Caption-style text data
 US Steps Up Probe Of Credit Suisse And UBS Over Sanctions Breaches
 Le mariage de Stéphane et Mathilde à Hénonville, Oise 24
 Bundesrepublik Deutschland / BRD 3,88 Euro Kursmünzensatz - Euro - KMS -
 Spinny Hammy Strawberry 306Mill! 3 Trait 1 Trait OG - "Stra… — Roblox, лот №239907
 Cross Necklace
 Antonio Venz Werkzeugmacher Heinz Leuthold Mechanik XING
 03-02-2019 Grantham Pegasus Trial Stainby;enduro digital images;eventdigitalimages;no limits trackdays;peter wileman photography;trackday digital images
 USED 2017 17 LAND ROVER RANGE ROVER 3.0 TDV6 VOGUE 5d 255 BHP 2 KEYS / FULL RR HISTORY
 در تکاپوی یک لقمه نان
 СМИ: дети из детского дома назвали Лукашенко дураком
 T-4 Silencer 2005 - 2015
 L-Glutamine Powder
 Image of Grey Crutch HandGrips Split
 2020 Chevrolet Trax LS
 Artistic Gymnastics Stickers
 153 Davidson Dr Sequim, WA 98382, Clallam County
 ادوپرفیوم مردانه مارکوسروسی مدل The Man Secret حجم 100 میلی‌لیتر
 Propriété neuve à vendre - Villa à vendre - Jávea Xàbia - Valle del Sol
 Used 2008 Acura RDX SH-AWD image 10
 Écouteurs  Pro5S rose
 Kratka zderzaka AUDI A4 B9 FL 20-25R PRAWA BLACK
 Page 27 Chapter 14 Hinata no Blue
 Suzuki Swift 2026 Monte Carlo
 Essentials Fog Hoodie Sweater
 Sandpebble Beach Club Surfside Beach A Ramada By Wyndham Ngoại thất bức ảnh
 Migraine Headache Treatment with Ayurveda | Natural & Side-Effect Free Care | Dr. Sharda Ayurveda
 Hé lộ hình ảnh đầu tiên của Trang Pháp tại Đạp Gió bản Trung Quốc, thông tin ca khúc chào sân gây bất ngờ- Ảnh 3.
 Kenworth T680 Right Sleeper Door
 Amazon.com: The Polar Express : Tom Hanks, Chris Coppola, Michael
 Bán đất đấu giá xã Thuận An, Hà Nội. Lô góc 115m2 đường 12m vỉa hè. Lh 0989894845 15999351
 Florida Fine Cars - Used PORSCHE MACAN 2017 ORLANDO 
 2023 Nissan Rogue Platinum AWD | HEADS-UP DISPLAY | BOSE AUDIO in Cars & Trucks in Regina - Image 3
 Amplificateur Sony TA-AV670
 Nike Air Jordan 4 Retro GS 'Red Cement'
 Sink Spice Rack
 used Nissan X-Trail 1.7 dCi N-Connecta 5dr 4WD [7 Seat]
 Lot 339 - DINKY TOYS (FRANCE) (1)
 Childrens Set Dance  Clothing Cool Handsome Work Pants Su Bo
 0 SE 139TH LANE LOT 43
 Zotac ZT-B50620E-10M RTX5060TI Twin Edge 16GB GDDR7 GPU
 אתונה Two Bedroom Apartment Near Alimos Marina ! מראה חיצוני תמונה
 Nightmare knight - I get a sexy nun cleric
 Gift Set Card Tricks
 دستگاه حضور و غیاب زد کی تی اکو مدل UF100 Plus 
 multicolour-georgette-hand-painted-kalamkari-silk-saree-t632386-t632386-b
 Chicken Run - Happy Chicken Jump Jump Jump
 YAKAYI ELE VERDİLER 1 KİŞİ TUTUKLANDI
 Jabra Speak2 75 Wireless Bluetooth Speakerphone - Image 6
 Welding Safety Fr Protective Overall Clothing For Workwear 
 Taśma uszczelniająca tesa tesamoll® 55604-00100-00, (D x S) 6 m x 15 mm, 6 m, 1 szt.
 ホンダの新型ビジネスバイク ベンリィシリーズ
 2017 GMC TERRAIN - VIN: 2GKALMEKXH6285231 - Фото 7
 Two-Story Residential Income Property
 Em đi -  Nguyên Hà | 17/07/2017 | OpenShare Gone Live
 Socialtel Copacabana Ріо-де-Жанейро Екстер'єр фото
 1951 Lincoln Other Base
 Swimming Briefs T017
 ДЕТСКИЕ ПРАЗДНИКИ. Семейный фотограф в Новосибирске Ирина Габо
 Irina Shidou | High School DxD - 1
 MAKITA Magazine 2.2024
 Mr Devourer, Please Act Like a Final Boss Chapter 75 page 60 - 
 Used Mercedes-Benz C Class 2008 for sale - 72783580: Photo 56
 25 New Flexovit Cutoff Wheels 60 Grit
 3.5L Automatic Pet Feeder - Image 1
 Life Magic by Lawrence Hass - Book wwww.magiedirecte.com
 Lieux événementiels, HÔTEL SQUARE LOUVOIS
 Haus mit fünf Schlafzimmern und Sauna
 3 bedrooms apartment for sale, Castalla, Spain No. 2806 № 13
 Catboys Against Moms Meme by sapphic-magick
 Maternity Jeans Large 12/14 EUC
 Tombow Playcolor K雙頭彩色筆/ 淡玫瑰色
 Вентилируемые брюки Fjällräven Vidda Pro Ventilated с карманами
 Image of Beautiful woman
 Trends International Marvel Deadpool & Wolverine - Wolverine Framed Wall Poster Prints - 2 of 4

→ **What to do**
Looking through the data above, copy out each line in which the string "Cars" occurs.

→ **Task output**
 Florida Fine Cars - Used PORSCHE MACAN 2017 ORLANDO 
 2023 Nissan Rogue Platinum AWD | HEADS-UP DISPLAY | BOSE AUDIO in Cars & Trucks in Regina - Image 3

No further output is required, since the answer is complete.